Consider using h.apply_date (and h.apply_dates for lists) when parsing dates. This will:

a) Use the dataset-level date parsing instructions (see below) b) Cause warnings to be emitted for all invalid dates c) Store the unparsed original_value alongside the parsed form.

Dataset metadata

In the dataset metadata YAML file, you can add a section like this:

dates:
    formats: ['%d. %m. %Y']

This will instruct the parsers to use the given formats. If your input data is formatted in ISO 8661 style (eg. 2024-01-23), you do not need to supply a format at all.
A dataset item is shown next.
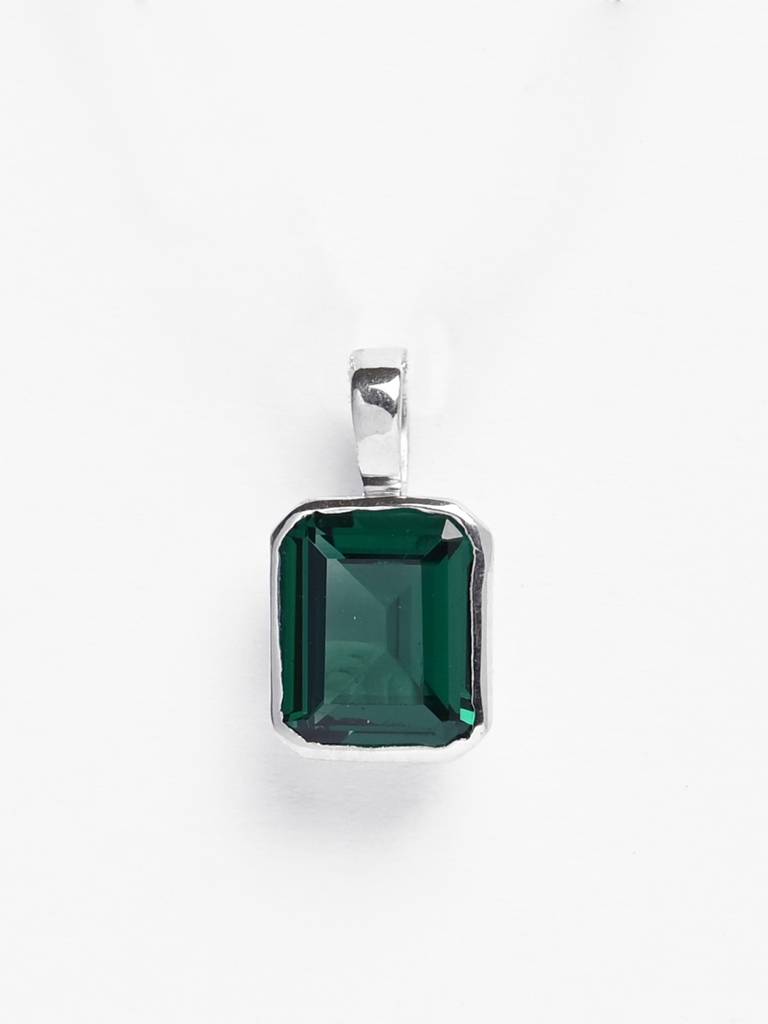 925 Silver Platinum Plated Swiss Zircon Green Solitaire Men Pendant Necklace With Chain Gift For Men & Boys : CSMNP20_NOCHAIN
Sometimes, you will also see date strings involving a non-English month specification (eg. 12. März 2024). For this, you can add a section like this:

dates:
    formats: ['%d. %b %Y']
    months:
        Mar:
            - März
            - Maerz
        Jul: Juli

Note that this mapping is essentially a simple string replacement. In this case, we're mapping German month names onto the short English month form parsed by %b in the format string. You could also map months onto month numbers or long month names.

Finally, some datasets are just too messy to fully parse all contained dates. In these cases, it can be useful to simply extract years, instead of parsing the full date string. Use this as a last resort, with caution:

dates:
    formats: ['%m %y']
    year_only: true

This will parse any string that contains a valid year, such as Approximately 1960, or circa 2007.